Bouldering in Namibia: Nils Favre's Quest for QualityWednesday, September 7, 2016
For three years I looked for a special trip. I had traveled to a lot of places for bouldering, and each time the plan was a bit the same: try some really hard boulder and attempt to repeat the already-developed classics in the area. This time I was looking for another approach. My goal was to discover a new area in a new country; I wanted to travel to a new part of the world and try to establish some bouldering in this place.
Stephane Hanssens and I began to plan for the trip, deciding to travel to Namibia because the landscape looked amazing and the conditions for climbing looked quite good. Although we found a lot of rock with Google Earth, we didn't know the quality. Still, the landscape and the wildlife looked so nice that we decided to go even though the quality of rock had the potential to be bad. We were joined by my girlfriend, Vivi Monteiro, Stephane's sister, Nathalie Hanssens and Jean-Louis Wertz.
Upon arrival we found a lot of rock, but the quality was incredibly poor, making climbing impossible. Each day we moved to another area to explore, wondering if anywhere in Namibia had rock strong enough to be climbed.
Finally, we found the first good climbing of the trip in a place called Kleine Spitzkoppe. I was looking for something special, for a line that immediately makes you want to climb it the first time you see it. And I found it. The problem sat on a big boulder with a good undercling to start, and I was sure this problem would be one of the best lines that we would find in Namibia.
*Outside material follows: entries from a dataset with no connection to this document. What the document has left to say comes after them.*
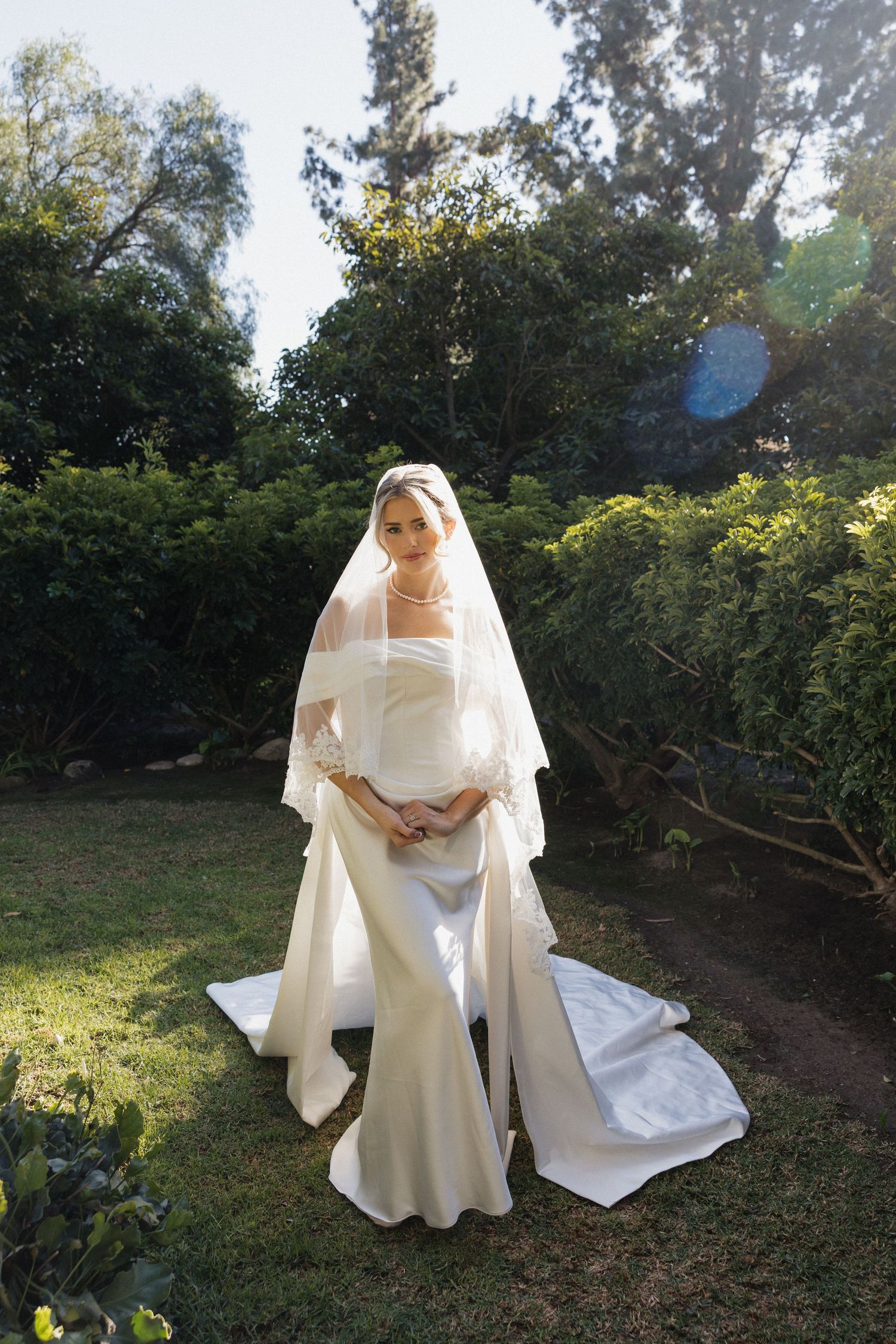 Elegant bridal portrait session in a garden setting with flowing white dress and veil at sunset.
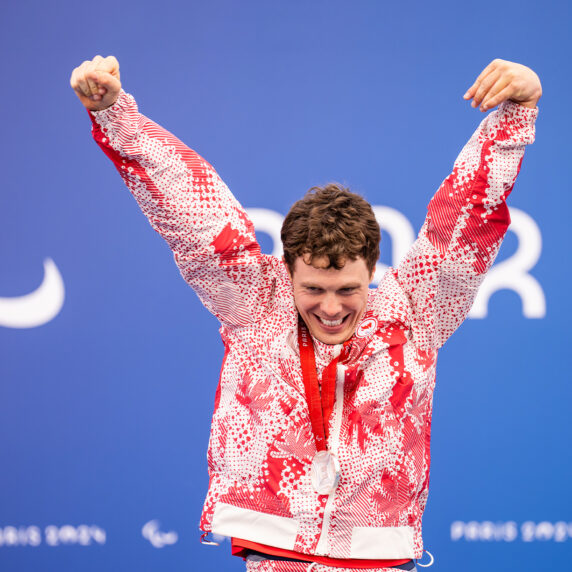 Canadian Para swimmer Nathan Clement celebrates with both arms raised on the podium after winning a silver medal at the Paris 2024 Paralympic Games. He wears a red-and-white Team Canada uniform and smiles proudly in front of a blue backdrop featuring the Paralympic symbol and the word "Paris."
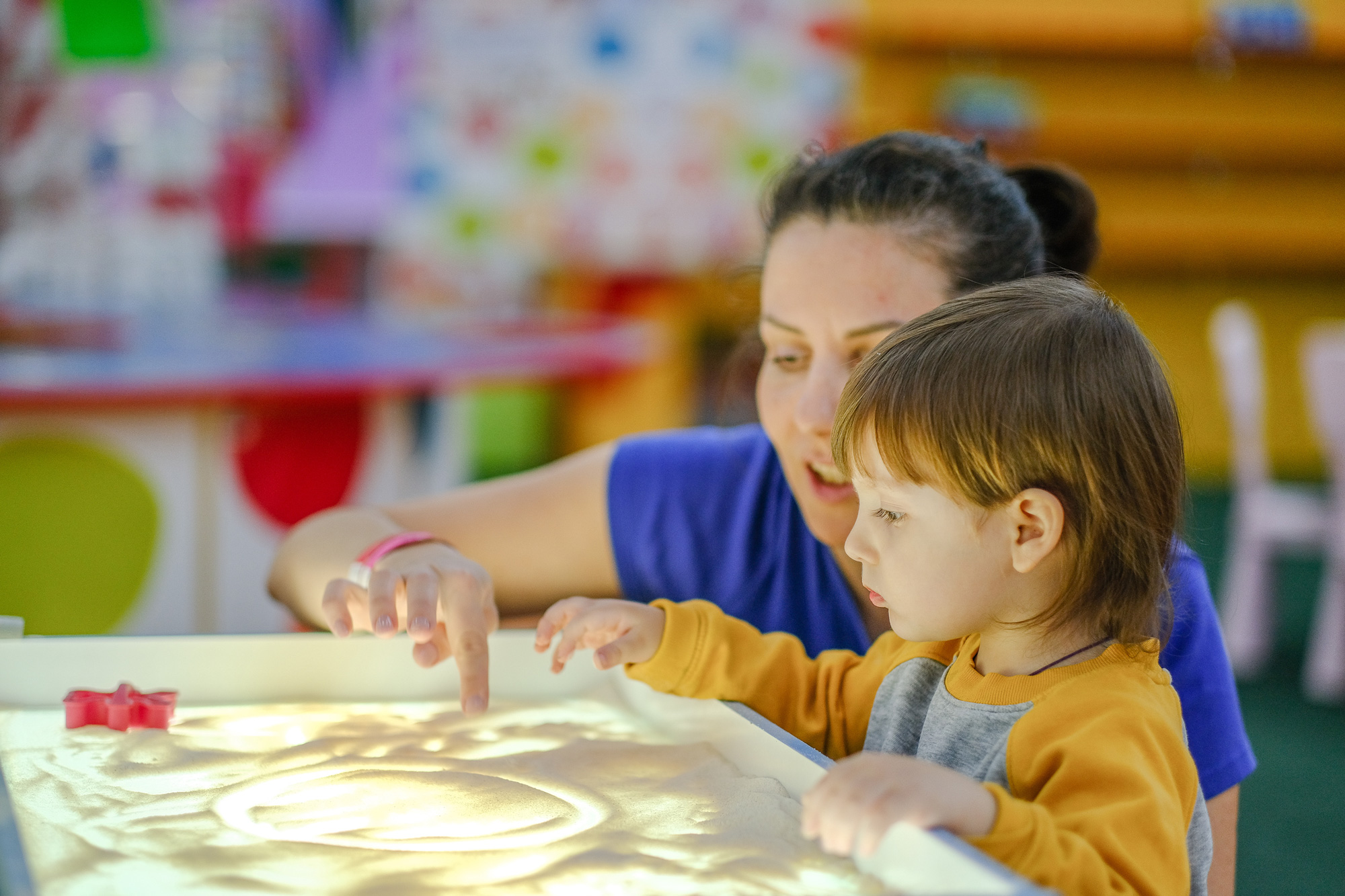 Creative early baby development. A teacher with her child to draw with her fingers in the sand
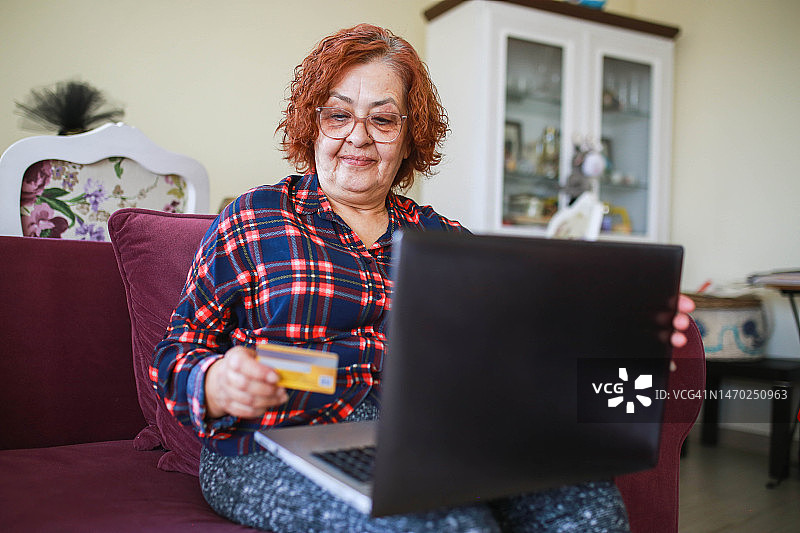 年长的女人在家里的客厅用笔记本电脑取消信用卡，怀疑有欺诈行为图片素材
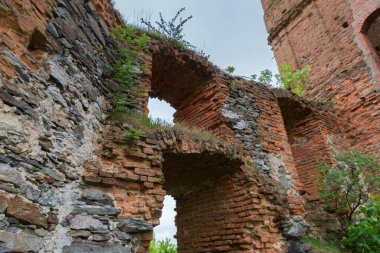 Eski savunma duvarının bir parçası ve taş ve kırmızı tuğladan yapılmış kule. İlkbahar bulutlu bir günde yıkılmış ortaçağ kalesinde çimlerle ve genç ağaçlarla kaplanmış. Seçici bir odak noktasında.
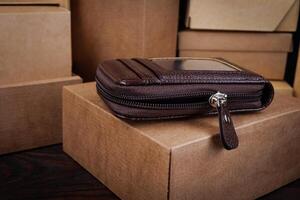A beautiful leather wallet lies on paper boxes. photo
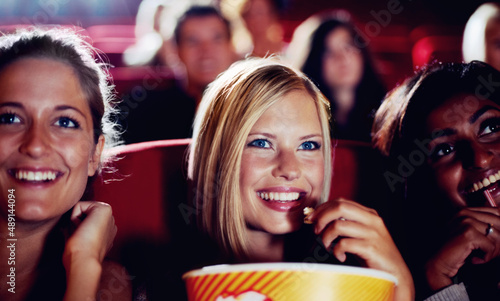 Girls night. Three friends laughing during a movie while eating popcorn.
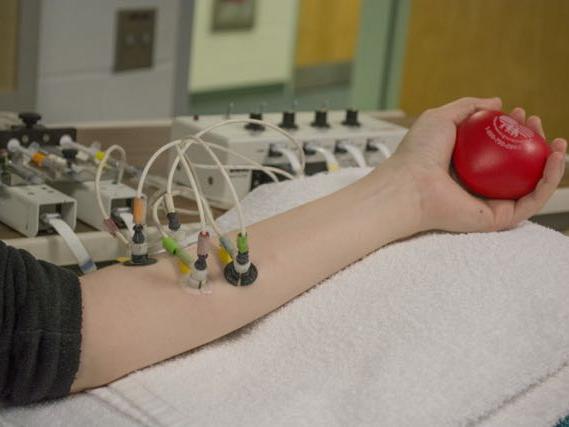 wires attached to an arm
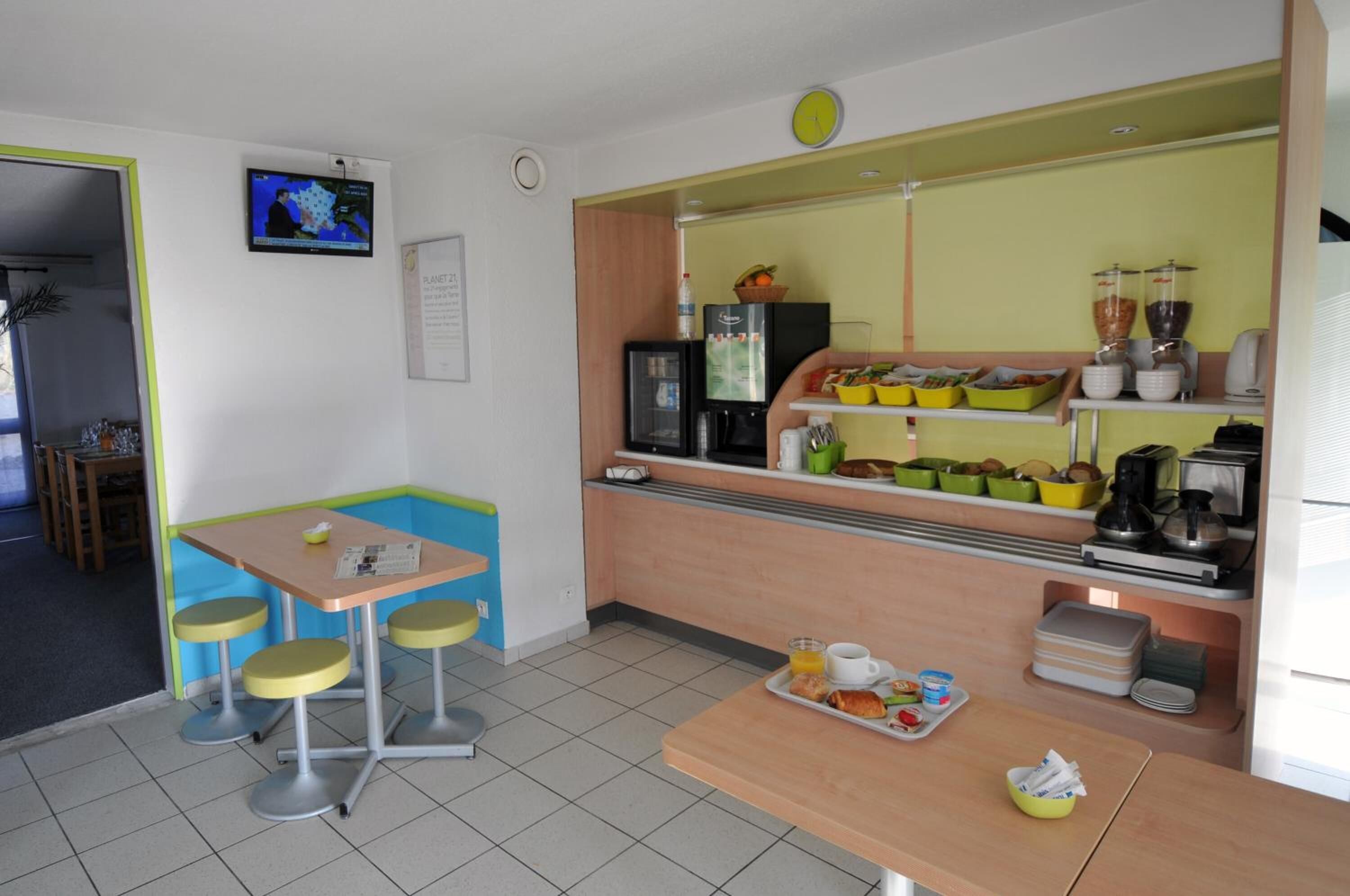 A small, brightly lit room with a kitchenette, a table with chairs, and a television on the wall.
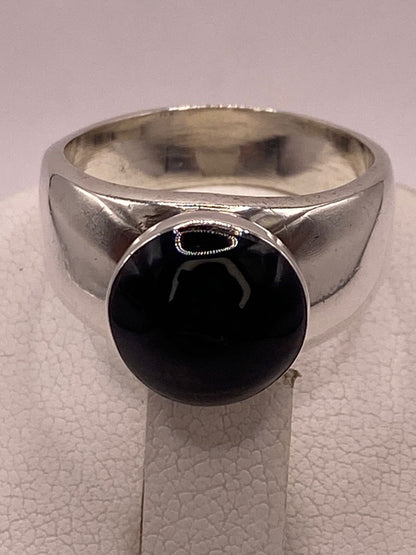 Anillo de Plata Ley 925 con Ónix Negro, sello de autenticidad Plata Ley .925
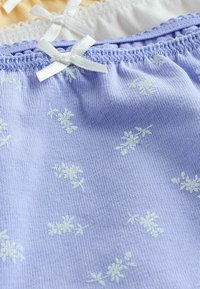 Lichtpaarse stof met kleine witte bloempatronen, voorzien van een gegatherde elastische band in de taille en een witte satijnen strikaccent.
It was exactly the line that I had wanted to discover before leaving Switzerland. I brushed it and during the evening with good condition I did the first ascent of Le Diamant—“The Diamond” (V12). It was probably the best looking line I have opened in my life.
Over the next few days, we found a few more quality problems, and at the very end of the trip we stumbled upon what is probably the best area in Namibia for bouldering. In Mont Etjo, the area is full of boulders and the quality of the rock is compact and clean. We only had two days in Mont Etjo, so I decided to choose the best hard line and give all my energy to it. The line—Madisa (V13)—is a compression-style prow. It’s a bit high, and I needed to find some tricky beta to send.
During our trip we didn't just climb. We slept in tents every night with absolutely nobody around. Sometimes we stayed many days in the same place and didn't meet anybody except some zebras. We discovered an amazing country with a lot of beautiful landscape.